Tribunal Administratif de Nice — Décision N° TA06-2203089

mercredi 23 avril 2025

JuridictionTribunal Administratif de Nice
SectionTribunal Administratif de Nice
N° DossierTA06-2203089
TypeDécision
PublicationC
Formation3ème Chambre

Résumé IA

Le Tribunal Administratif de Nice a annulé la décision du 28 avril 2022 par laquelle le principal du collège Jules Romains avait prononcé une exclusion temporaire de trois jours contre un élève pour une injure raciste. La juridiction a jugé que les faits reprochés n'étaient pas matériellement établis, faute de témoignages circonstanciés ou de preuves suffisantes, et a écarté l'exception de non-lieu soulevée par la rectrice, l'effacement de la sanction du dossier scolaire ne privant pas le recours de son objet. En conséquence, le tribunal a annulé la sanction pour excès de pouvoir, sans se prononcer sur les conclusions indemnitaires, celles-ci étant irrecevables faute de demande préalable auprès de l'administration. La décision s'appuie sur les articles R. 511-13 du code de l'éducation et R. 421-1 du code de justice administrative.

Texte intégral

Vu la procédure suivante :

Par une requête, enregistrée le 22 juin 2022, M. D C, agissant en qualité de représentant légal de son fils mineur A B C, demande au tribunal :

1°) d'annuler pour excès de pouvoir la décision du 28 avril 2022 par laquelle le principal du collège Jules Romains à Nice a prononcé une sanction d'exclusion temporaire de trois jours à l'encontre de son fils A B C ;

2°) de condamner l'Etat à lui verser une somme de 1 500 euros en réparation du préjudice subi ;

3°) de mettre à la charge de l'Etat une somme de 3 000 euros au titre de l'article L. 761-1 du code de justice administrative.

Il soutient que :

- le dossier disciplinaire de son fils ne comportait pas toutes les pièces qu'il aurait dû contenir ;

- le principe du contradictoire a été méconnu dès lors qu'il n'a pas pu avoir accès à l'ensemble du dossier disciplinaire de son fils ;

- la matérialité des faits qui ont fondé la sanction n'est pas établie ;

- la sanction est entachée d'une erreur de qualification juridique et d'une erreur d'appréciation.

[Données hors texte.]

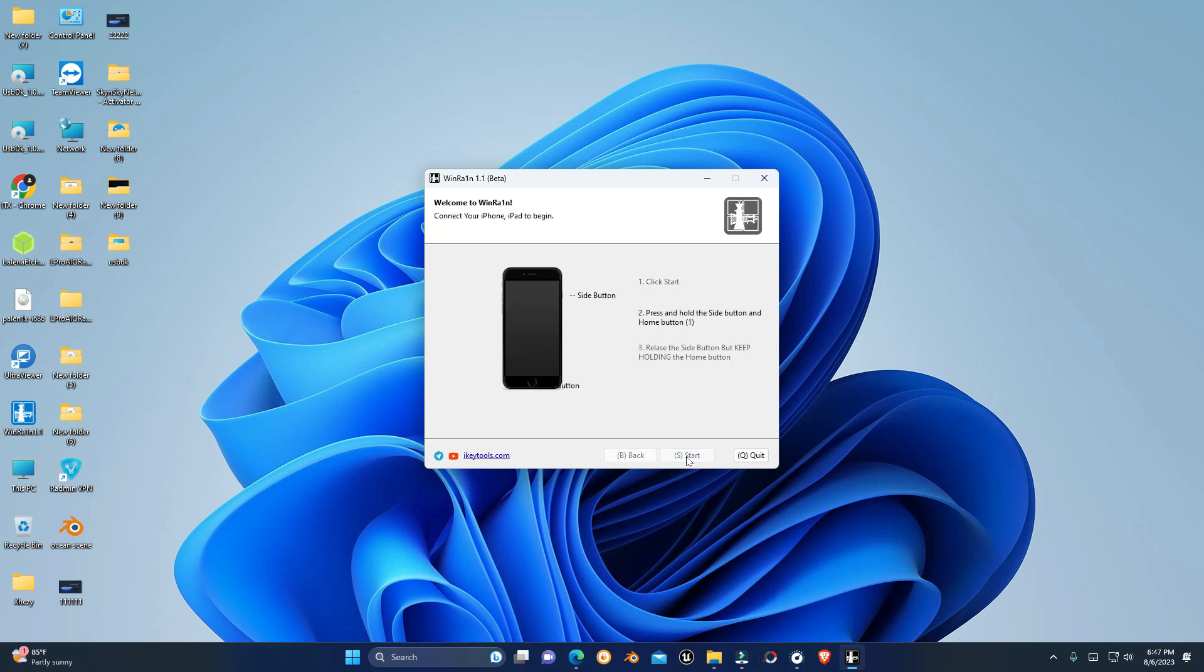Now you have to put the phone in DAP mode to jailbreak it. If you don't know how to put your iPhone in DAP mode, you can see our other video about that.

Par un mémoire en défense, enregistré le 13 novembre 2024, la rectrice de l'académie de Nice conclut, à titre principal, au non-lieu à statuer et à titre subsidiaire, au rejet de la requête.

Elle soutient que :

- la sanction disciplinaire en litige ayant été effacée du dossier scolaire A B, la requête a perdu son objet de sorte qu'il n'y a plus lieu d'y statuer ;

- les moyens soulevés par le requérant ne sont pas fondés.

Par ordonnance du 14 novembre 2024, la clôture d'instruction a été fixée au 16 décembre 2024 à 12h00.

Vu les autres pièces du dossier.

Vu :

- le code de l'éducation ;

- le code de justice administrative ;

Les parties ont été régulièrement averties du jour de l'audience.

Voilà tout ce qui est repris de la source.